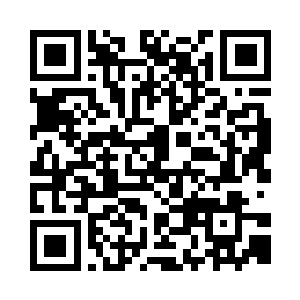 到时候秋哥敲门的时候我直接就喊她就可以了二维码生成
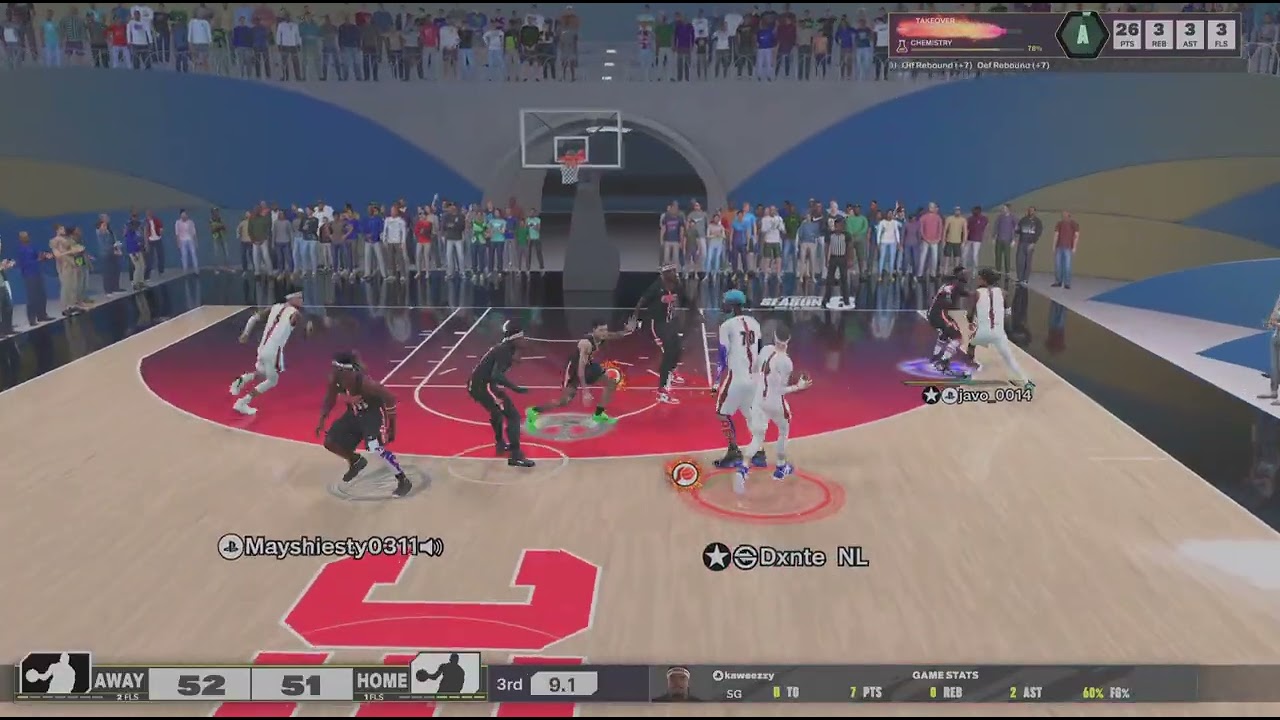 NBA 2K25_20250728113623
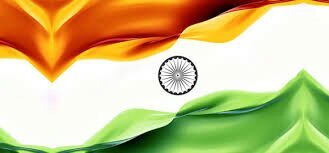 Dream for developed India, We are against Corruption, lets Together make a DREAM INDIA...Our Aim is to have a better India in 2020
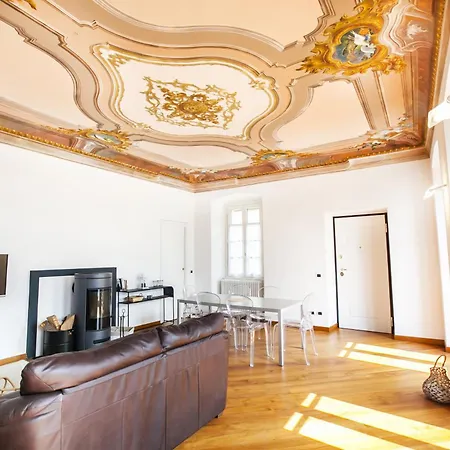 In Fioravante By Wonderful Italy *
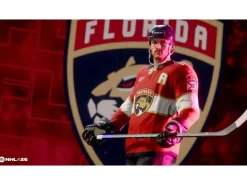 Electronic Arts EA Sports NHL 26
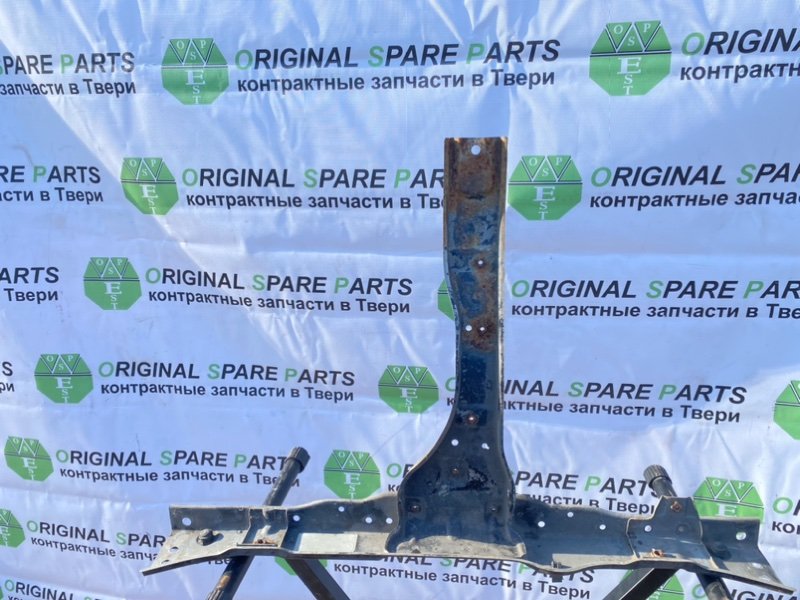 Телевизор, 1990 рублей, Тверь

■ ■ ■ ■ ■

# Assignment:
Could the material above be given again in full and exactly, with its pictures left out?

# Result of this exercise:
 到时候秋哥敲门的时候我直接就喊她就可以了二维码生成
 NBA 2K25_20250728113623
 Dream for developed India, We are against Corruption, lets Together make a DREAM INDIA...Our Aim is to have a better India in 2020
 In Fioravante By Wonderful Italy *
 Electronic Arts EA Sports NHL 26
 Телевизор, 1990 рублей, Тверь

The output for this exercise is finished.